Quel rôle pour les entreprises ?
Si ce rapport s’adresse en priorité aux décideurs politiques, la responsabilité ainsi que l’influence des entreprises n’est pas à écarter. En effet, « le soutien politique est influencé par les acteurs de la société civile, notamment les entreprises ». Et comme le martèlent les scientifiques, les solutions afin de limiter le réchauffement climatique sont « réalisables, efficaces et peu coûteuses ».
Parmi ces dernières, une mesure apparaît comme pierre angulaire : la réduction substantielle des émissions de gaz à effet de serre. Mais pour réduire, il faut mesurer. Depuis le 1er janvier 2023, les entreprises de plus de 500 salariés en France métropolitaine (250 salariés en Outre-Mer) sont tenues légalement de réaliser un bilan d’émissions de gaz à effet de serre complet (scopes 1, 2 et 3) et ce, tous les 4 ans. Les entreprises peuvent se baser sur la méthode Bilan Carbone®, la plus connue, établie par l’Agence de l’Environnement et de la Maîtrise de l’Energie (ADEME). Ce premier diagnostic permet de d’identifier précisément les sources d’émissions directes, indirectes ainsi que les axes d’amélioration. La réalisation d’un bilan carbone apparaît comme un point de départ essentiel pour toute entreprise, peu importe sa taille, souhaitant s’investir dans le développement durable et mettre en place une stratégie RSE effective.
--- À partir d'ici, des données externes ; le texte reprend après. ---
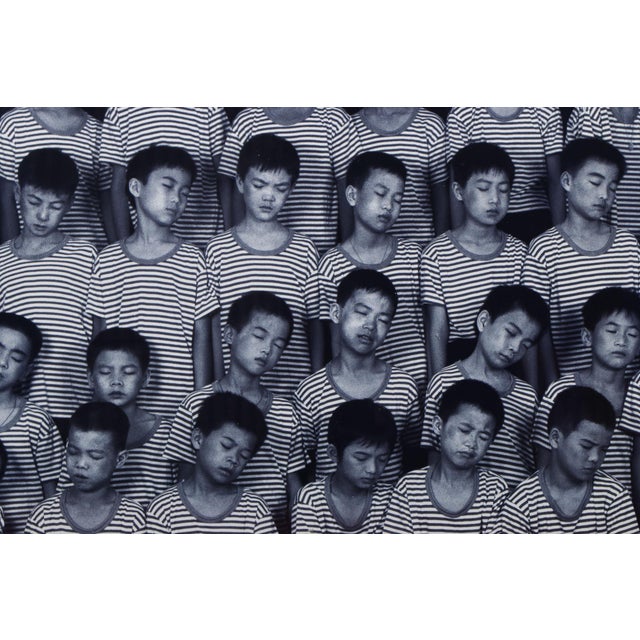 Mid 20th Century Wang NIngde, Contemporary Chinese Large Scale Photograph B&W Print Photo "Some Days" Ed 3/10, 2003 For Sale - Image 5 of 12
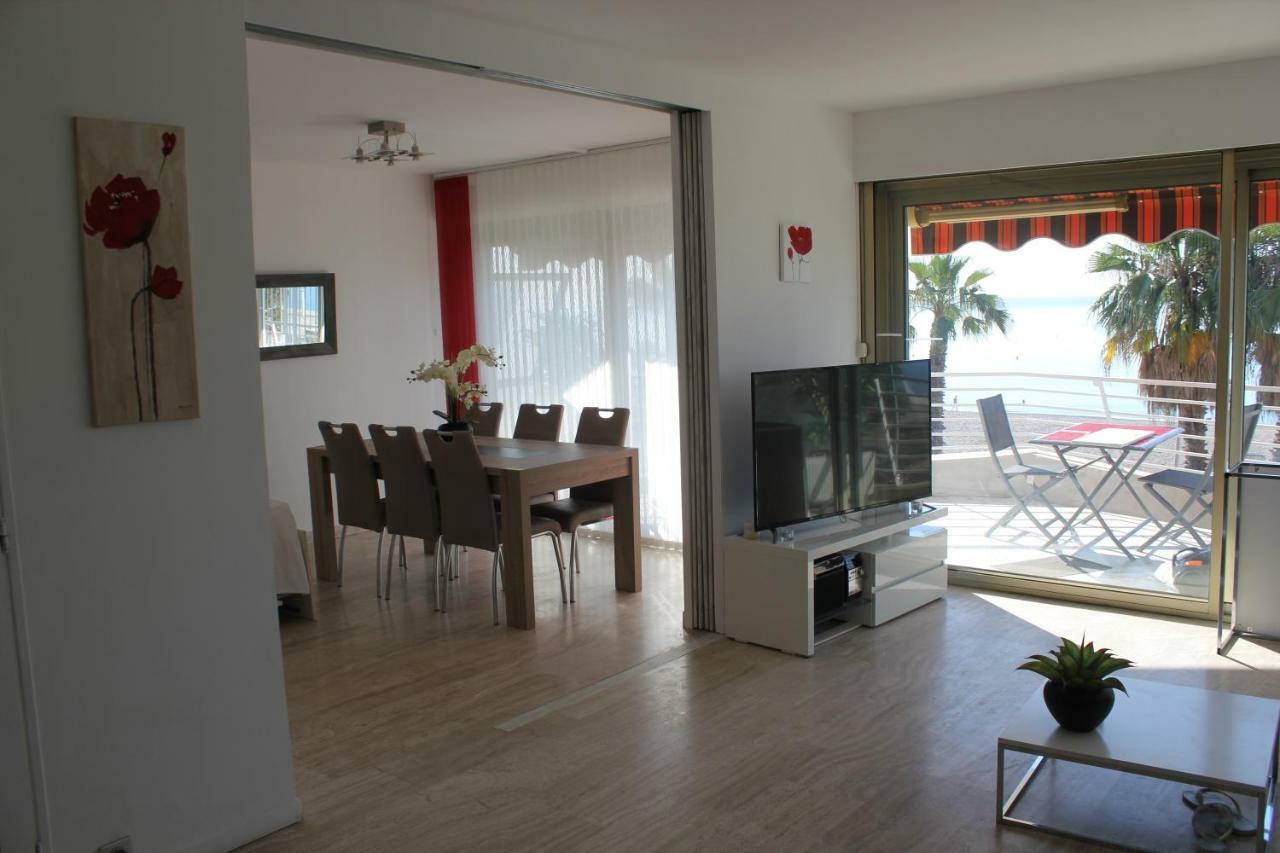 Le Chantilly Cagnes-sur-Mer Ngoại thất bức ảnh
Par ailleurs, l’élargissement de l’obligation de réalisation d’un bilan carbone scope 3 à toutes les entreprises de plus de 50 employés est l’une des mesures proposées en juillet 2022 par la Convention des Entreprises pour le Climat.
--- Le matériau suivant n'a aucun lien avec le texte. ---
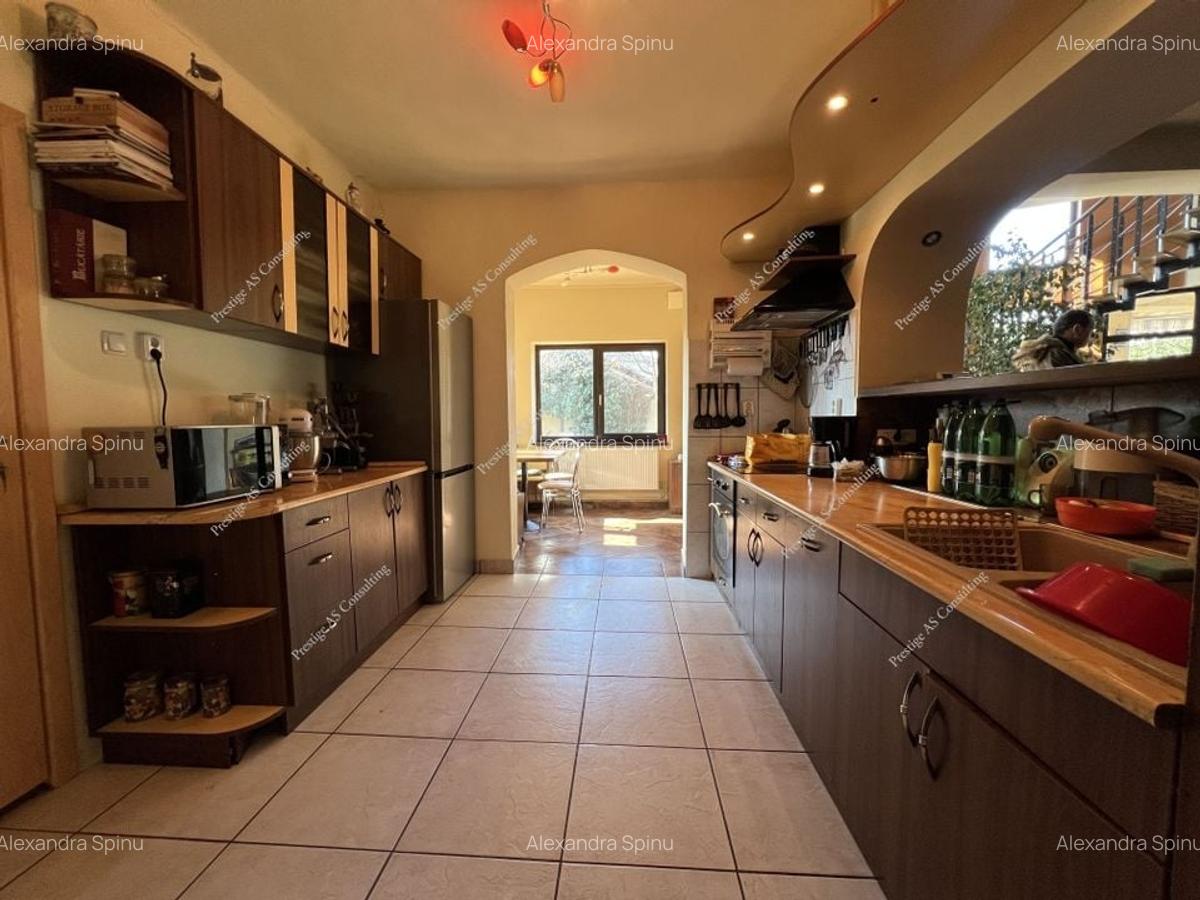 Vila eficienta energetic, teren 800 mp Dumbravita - 18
Plus que jamais, le secteur privé peut être un véritable catalyseur et accélérer les initiatives vers plus de durabilité. Outre la réalisation d’un Bilan Carbone, d’autres actions peuvent d’ores et déjà être mises en place au sein des entreprises : politique de tri des déchets, décarbonation des achats, déploiement d’un Plan de Mobilité Employeur (PDME) avec des actions promouvant la mobilité durable, sensibilisation et formation des employés aux enjeux du développement durable, etc.
Face aux réalités climatiques incontestables et aux pressions réglementaires, le temps de l’inertie et du découragement doit être révolu.